As defined by the BLS, the CPI is "a measure of the average change over time in the prices paid by urban consumers for a market basket of consumer goods and services."  First off, I have a couple broadly shared problems with using the CPI as the main measure of inflation. The first is that it only measures a relatively small fraction of the goods and services exchanged in the US, and thus may provide false reading on overall inflation. The second is that it does not account for changes in quality of products. For example, a t-shirt manufacturer could begin using less cotton in their shirts but continue to charge the same price. My final issue is the weighting of the basket of goods and services, which can provide skewed results should consumption patterns change.
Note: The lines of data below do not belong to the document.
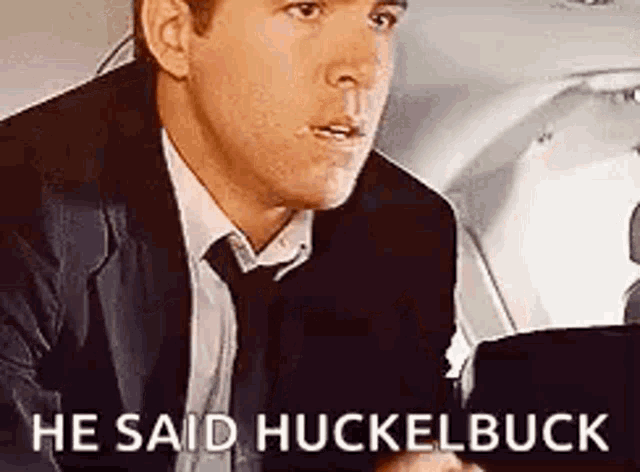 a man in a suit and tie is sitting in a car and saying he said huckelbuck .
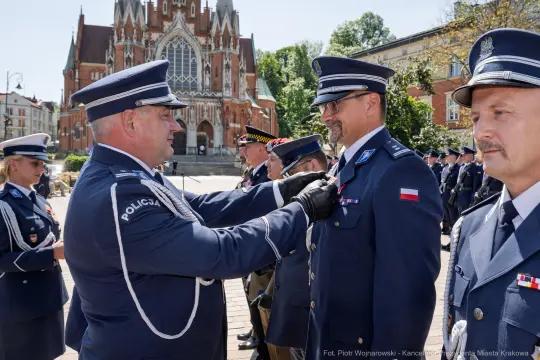 Ceremonia wręczenia odznaczeń policjantom na tle budynku w Krakowie.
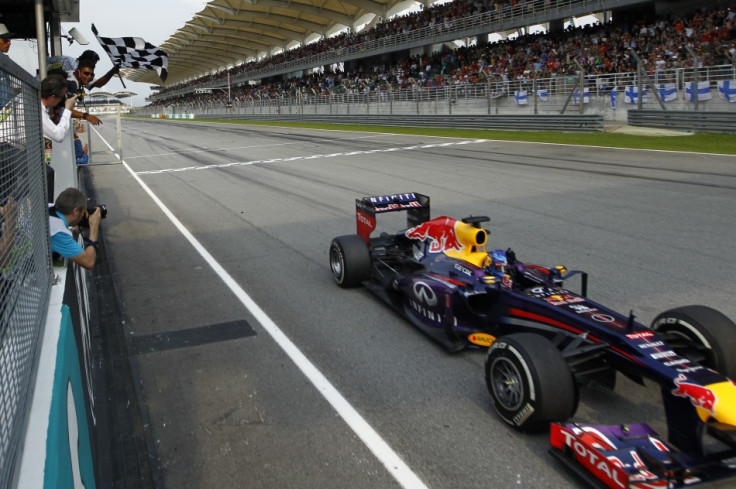 Sebastian Vettel takes the chequered flag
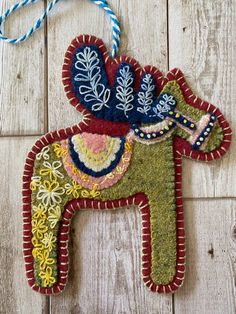 an ornament shaped like a horse on a wooden floor with blue and yellow thread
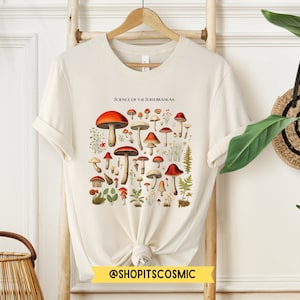 May include: A white t-shirt with a vintage illustration of various mushrooms. The illustration is in shades of red, brown, and green. The text "Science of the North American" is printed above the illustration. The text "@shopitscosmic" is printed below the illustration.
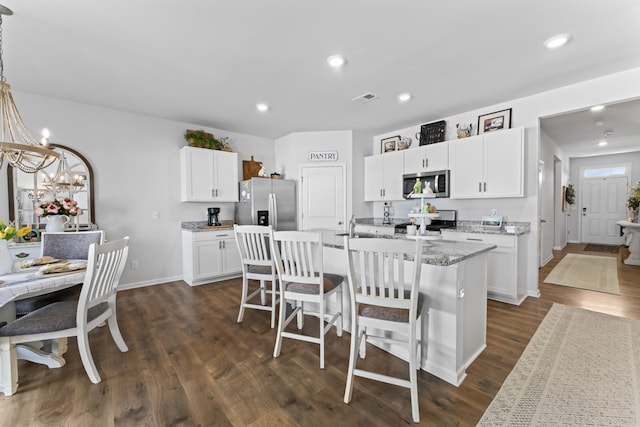 kitchen with a center island with sink, dark hardwood / wood-style floors, white cabinets, and appliances with stainless steel finishes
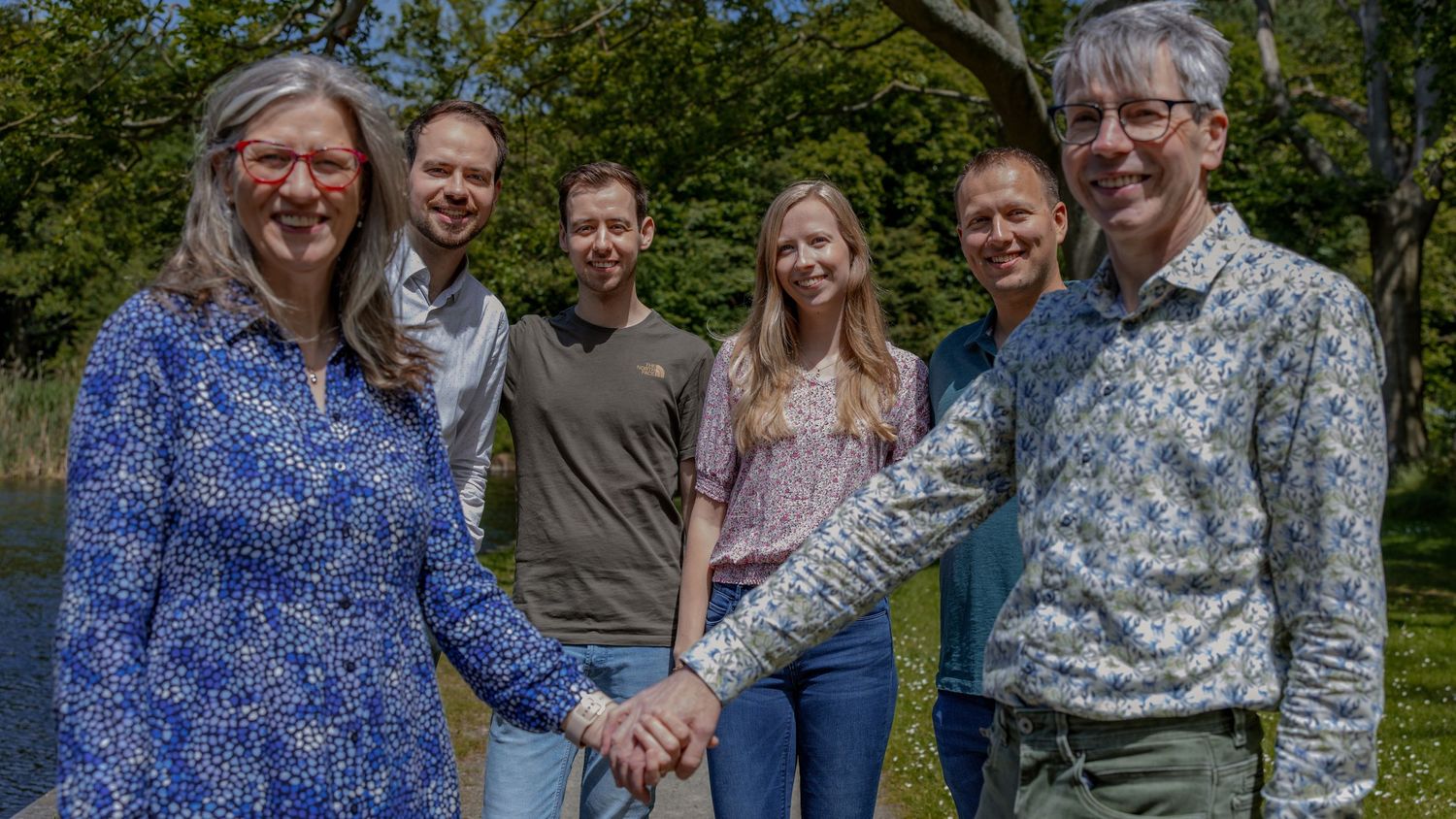 A casual outdoor group photo with six people standing by a lake.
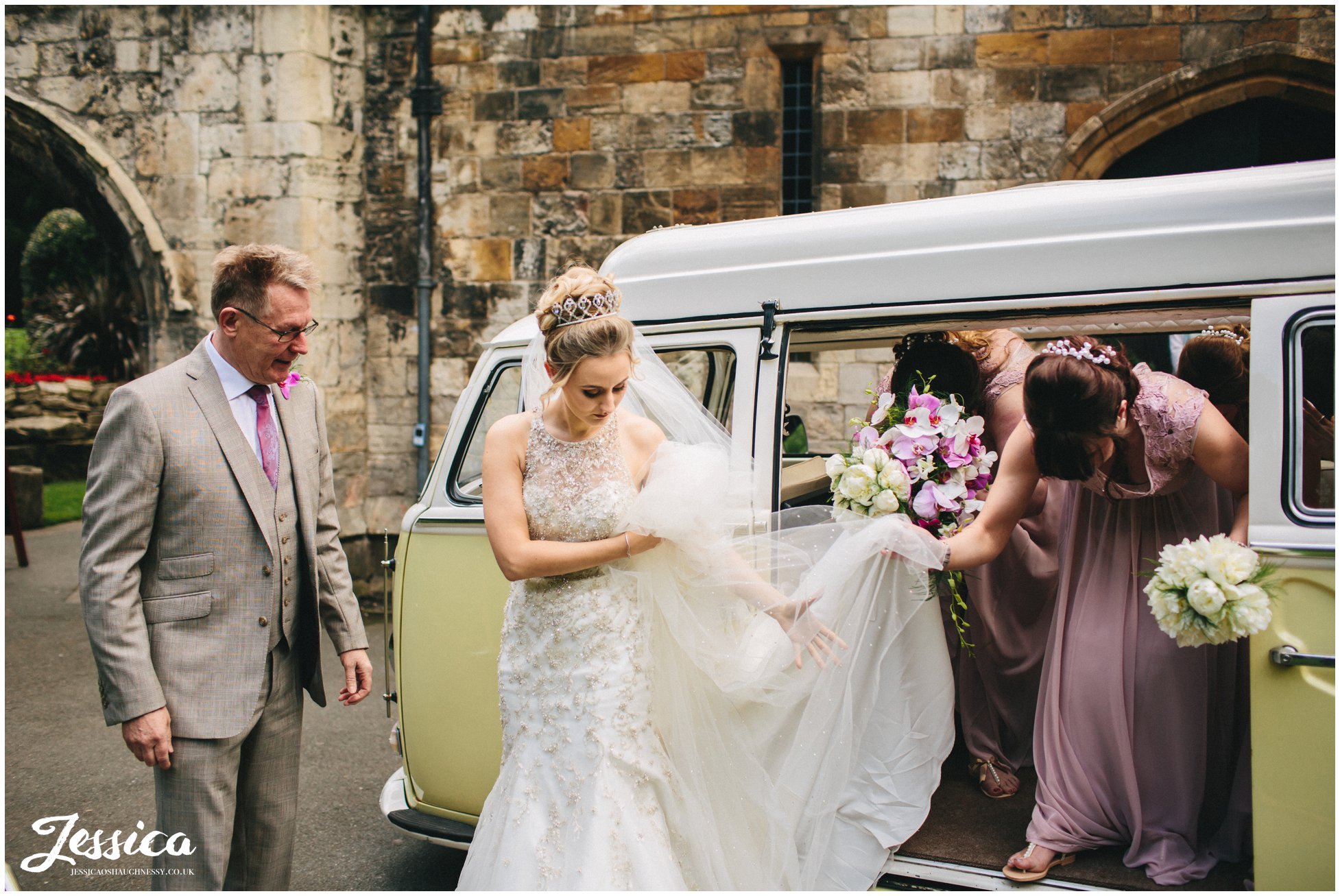 bride gets out of her wedding car for the ceremony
However, the issue I see currently is that the CPI inflation measurements are more apt to provide misleading guidance, in my opinion. 

Generally, inflation is the result of demand exceeding supply. Thus if inflation is too high, policy makers try to reduce demand through levers like raising interest rates. Alternatively, if deflation is a risk, policy makers attempt to increase demand by lowering interest rates.

The problem currently is that inflation is not a result of excess demand, in my view. Instead, I believe the root cause of the current inflation has been dramatic rises in costs due to higher commodity prices. These higher commodity prices are a result of, at least in part, by a weakening dollar associated with monetary easing. Companies have attempted to manage these costs through various tactics, including streamlining of operations, possibly reducing quality, and even layoffs. Eventually, however, they have been forced to pass along these costs to consumers, thus driving up CPI. These commodity cost increases have been an issue for companies for the past couple years.

Why is this important? Well, in short, the problem is not weak demand. The problem is much more structural and thus monetary policy is a dull tool against it. At its core, I believe the current economy is suffering from the mis-allocation of resources and excess supply. After decades of activist monetary policy that avoided more severe economic slowdowns, many less competitive companies have been able to survive due to lower interest rates. The lower rates both enabled consumers to service larger debt balances, artificially raising demand, and has enabled weaker companies to remain in business, artificially increasing supply.

I believe we are reaching a point where monetary policies can no longer prop up demand. This diminishing boost is due partly to historically low interest rates that offer less and less "fuel" as they decline, in my view. I also believe the distortion of the allocation of resources is the fundamental problem with which businesses are struggling. At the extreme, bubbles have formed and disappeared due in part to the distorting side effects of an activist monetary policy. The dot-com bubble, the housing bubble, and the recent rise in commodity prices are examples of these side effects, in my opinion. The rise in commodity prices appears to have actually hurt demand as prices have been increasing, thereby reducing consumption.

So where are we headed? The Fed appears intent on at least trying something, even if its chance of success are minimal. So we likely get another manipulation of the yield, distorting economic decisions. Deflation likely becomes more and more prevalent if the core reason of past CPI increases diminishes, which I believe has been commodity prices. Ultimately we avoid addressing the structural problems in the economy in the near-term, likely leading to slower growth in the future.

All these points imply long-term yields decline despite the recent CPI figures.